China slams nuclear nod
The UN nuclear watchdog says it is satisfied with the AUKUS alliance’s plan to supply Australia with nuclear submarines.
Until the AUKUS deal for nuclear subs, no party to the nuclear Non-Proliferation Treaty, including Australia, has had any nuclear-powered submarines, other than the five permanent (P5) members of the UN Security Council, also known as nuclear-weapon states: the United States, Russia, China, France and Britain.
Nuclear submarines, which can remain at sea far longer than other submarines, pose a proliferation challenge because they operate beyond the reach of IAEA inspectors.
Special arrangements must therefore be made with the IAEA for their often very highly enriched fuel to leave dry land.
“The Agency, on the basis of technical consultations and exchanges it has conducted with the AUKUS parties to date, is satisfied with the level of their engagement,” the International Atomic Energy Agency (IAEA) said in a confidential recent report to member states.
“Such technical consultations will continue for the foreseeable future.
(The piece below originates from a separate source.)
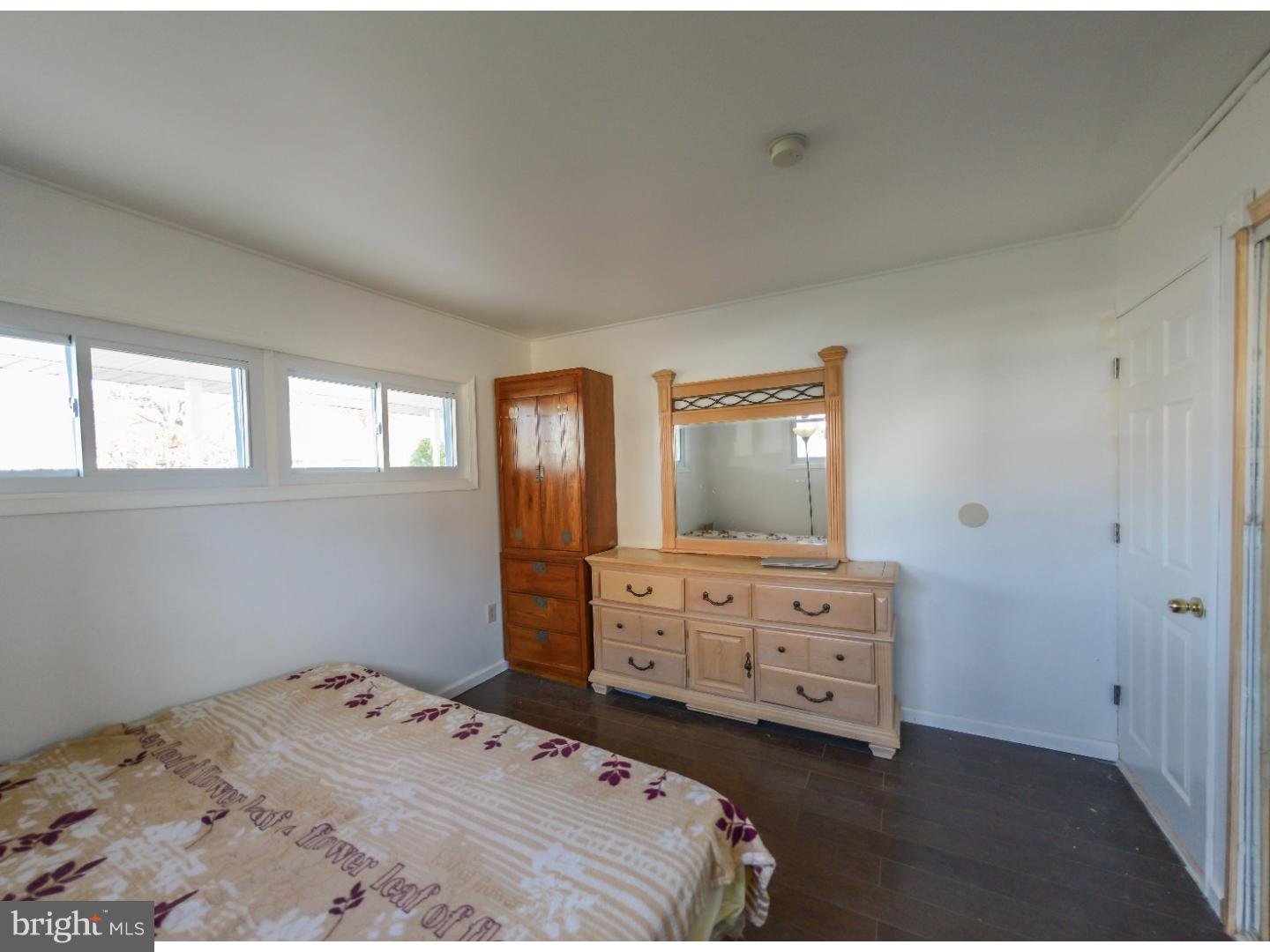 17 Plumtree Road Levittown, PA 19056 - Photo 15 of 25 Gallery Image 15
The Agency recognises that AUKUS is at an early stage and that precisely how it will develop has yet to be decided by the parties involved.”
Australia says its submarines' nuclear reactors would essentially be a sealed box handed over to it, limiting the proliferation risk.
Australia reportedly told the IAEA: “Australia would be provided with complete, welded power units. These power units are designed so that removal of any nuclear material would be extremely difficult and would render the power unit, and the submarine, inoperable”.
Those materials would be in a form that cannot be used in nuclear weapons without chemical processing “requiring facilities that Australia does not have and will not seek”, it added.
But China's permanent mission to the United Nations in Vienna says the IAEA report selectively cited the AUKUS countries' self-justifying statements while leaving out the international community's major concerns.
China also claims the report ignored many countries' solemn positions that AUKUS violates the objective of the Treaty on the Non-Proliferation of Nuclear Weapons (NPT), Xinhua News Agency reported on Wednesday.
“The IAEA chief cannot be reduced to a political tool of the AUKUS countries and be used to make misleading conclusions,” said Wang Qun, China's Permanent Representative to the United Nations in Vienna.
China’s Foreign Ministry spokesperson Mao Ning has slammed the report too, saying China is “gravely concerned about the substance”.
“This report lopsidedly cited the account given by the US, the UK and Australia to explain away what they have done, but made no mention of the international community's major concerns over the risk of nuclear proliferation that may arise from the AUKUS nuclear submarine cooperation,” she said.
“The report turns a blind eye to many countries' solemn position that the AUKUS cooperation violates the purpose and object of the NPT.”